# Moschino Cheap and Chic-I Love Love



## baby_love (Nov 26, 2006)

This is my favorite scent EVER.  I love the Original Moschino Cheap and chic too!  the second one is so so.  but this one is just....orgasmic.  haha, does anyone else think this smells absolutely AMAZING!  I'm not sure on how popular it is, and I'm curious.

btw, it's the one with the bottle that looks like a toy....haha I can't describe it, but I think you know what I'm talking about.


----------



## mskitchmas (Nov 26, 2006)

i love it too! (i love love) i get compliments on it all the time. i've got a back-up bottle just in case. it's my fav, i wear it almost everyday.


----------



## Katja (Dec 8, 2006)

*I smelled this one at Nordstrom a month or so ago.  It's def. a citrusy type scent, very similar to D&G's Light Blue.  Actually, if you want a less expensive version of Light Blue, I would recommend this exact scent.  I'm sure they dry down differently, but you might want to consider it if you're on a budget.  It's really fresh. *


----------



## DOLLface (Dec 24, 2006)

This is my favorite perfume. My mom and best friend have fallen in love with it recently, too.


----------



## Moppit (Dec 24, 2006)

It is my favourite too.  I smelled D&G when making my decision but it was too light for me.


----------



## meagannn (Jan 27, 2007)

this is one of my very favorite fragrances! It is so different from anything I have ever smelled.
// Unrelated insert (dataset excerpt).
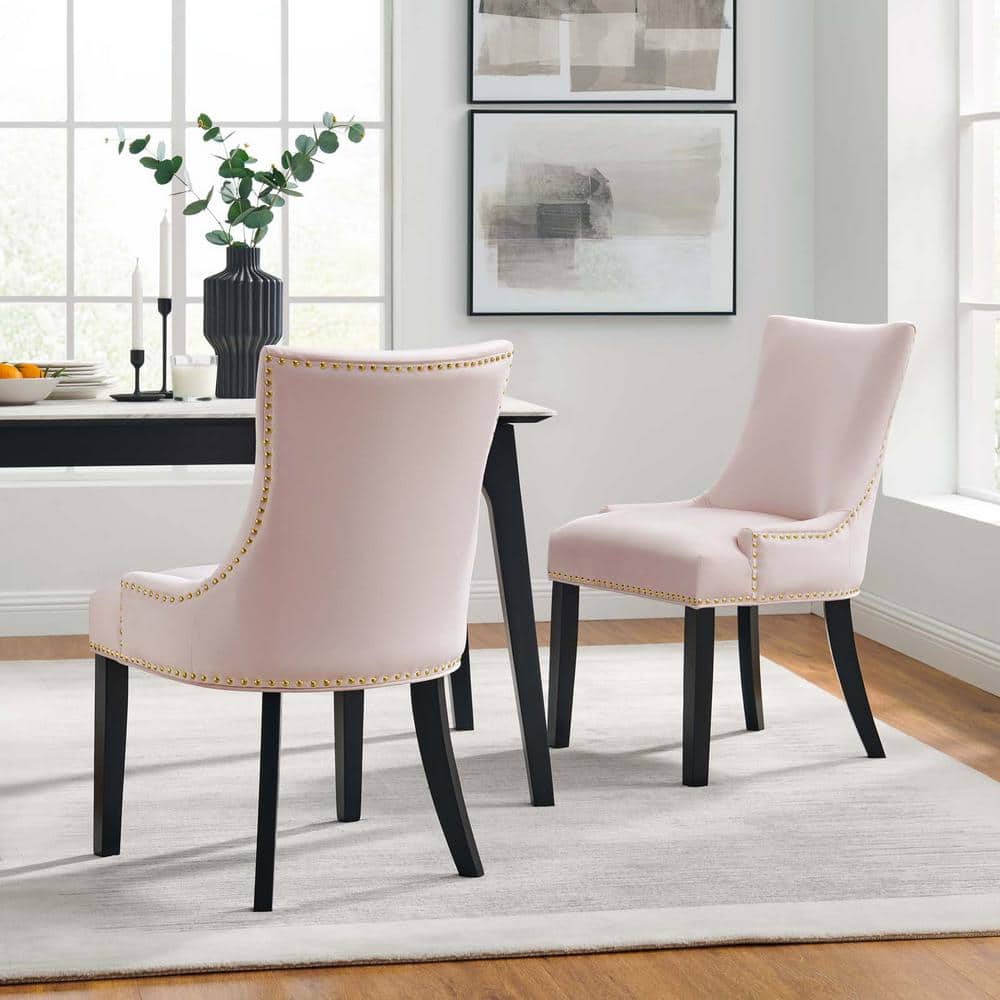 Pink Velvet Upholstered Dining Chairs with Wood Legs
Except for Light Blue, but as someone said earlier, the drydowns are different. my roomate wears Light Blue, and the first week I was living here i walked through the hallway and smelled it and thought 'Oh my God, shes already going through my stash!'
then she walked by and I smelled it on her, and she had the d&g bottle in her hand-- the smell was just slightly different, and I can't pinpoint it!

but I LOVE *I LOVE LOVE*


----------



## Holly (Jan 27, 2007)

I love it too! I got it for free at my store, because we sold out of it, and we only had the tester left, and since it was something we would only get once, they decided it could go to me 
	

	
	
		
		

		
		
	


	




 It's a totally different smell, I looove i love love!


----------



## liv (Jan 27, 2007)

It is sort of like Light Blue, but it's more citrusy, so I like Light Blue better.  The bottle is so cute, if its the one I am thinking of, where it looks like Olive Oyl?


----------